What This Means for Patients and the Future of Brain Tumor Care

Neurosurgeons performing operation

The implications of this technology extend well beyond a single detection platform:

For diagnosis: Patients with suspected glioma could receive molecular subtyping through a lumbar puncture rather than an invasive brain biopsy. This is especially valuable for tumors in eloquent brain areas where biopsy carries high neurological risk.

For monitoring: After initial treatment, patients could undergo periodic CSF testing to detect molecular recurrence before it becomes visible on MRI — potentially enabling earlier intervention.

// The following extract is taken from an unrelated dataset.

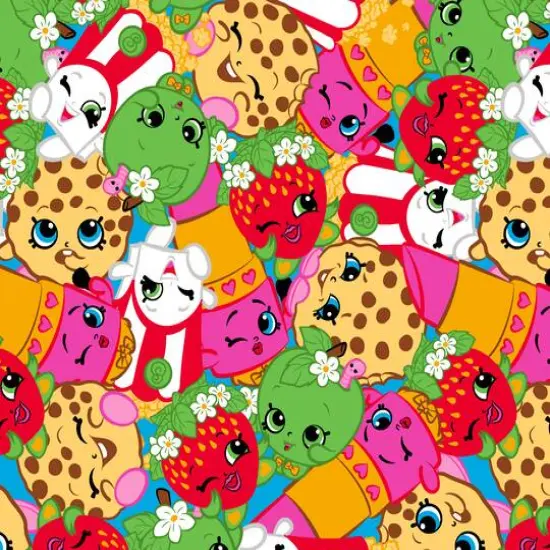 Shopkins Packed Printed Fleece Leggings Polyester/Spandex Fabric {3}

For research: The ability to detect ctDNA at zeptomolar concentrations opens new avenues for understanding tumor biology, heterogeneity, and evolution at unprecedented resolution.

For accessibility: The label-free, rapid, and low-cost nature of the platform could eventually make high-sensitivity glioma screening available in resource-limited settings.

Why This Matters for International Patients

Medical team providing advanced care

For international patients seeking brain tumor diagnosis or second opinions in China, this technology represents a significant advance. PKU Third Hospital’s Neurosurgery Department, led by Jun Yang, is one of China’s premier neurosurgical centers, and the integration of this biosensor into clinical workflow could offer patients a less invasive, faster, and more sensitive diagnostic pathway.

The ability to obtain molecular tumor information from just 1 microliter of CSF — with zero false negatives — means that even small-volume lumbar puncture samples can yield definitive results, reducing the need for repeated invasive procedures and accelerating the path to personalized treatment.

Sources

  • Sun Y, Zhang J, Liu C, et al. A Dual-Channel Synergistic Ultrasensitive Biosensor for Tumor Liquid Biopsy. Advanced Science. 2026. DOI: 10.1002/advs.75443 | PubMed: 42043839
  • PKU Medical News: “北京大学第三医院杨军团队发表成果:发现脑脊液检测胶质瘤的超灵敏新方法” (June 12, 2026)
  • BrainMed “中国声音” Column: “ADV SCI|以微升级脑脊液实现胶质瘤IDH1突变精准检测” (June 5, 2026)
  • Pérez-Alfayate R, et al. Cerebrospinal fluid ctDNA as a diagnostic and prognostic tool in gliomas: systematic review and meta-analysis. Front Oncol. 2025;15:1714287.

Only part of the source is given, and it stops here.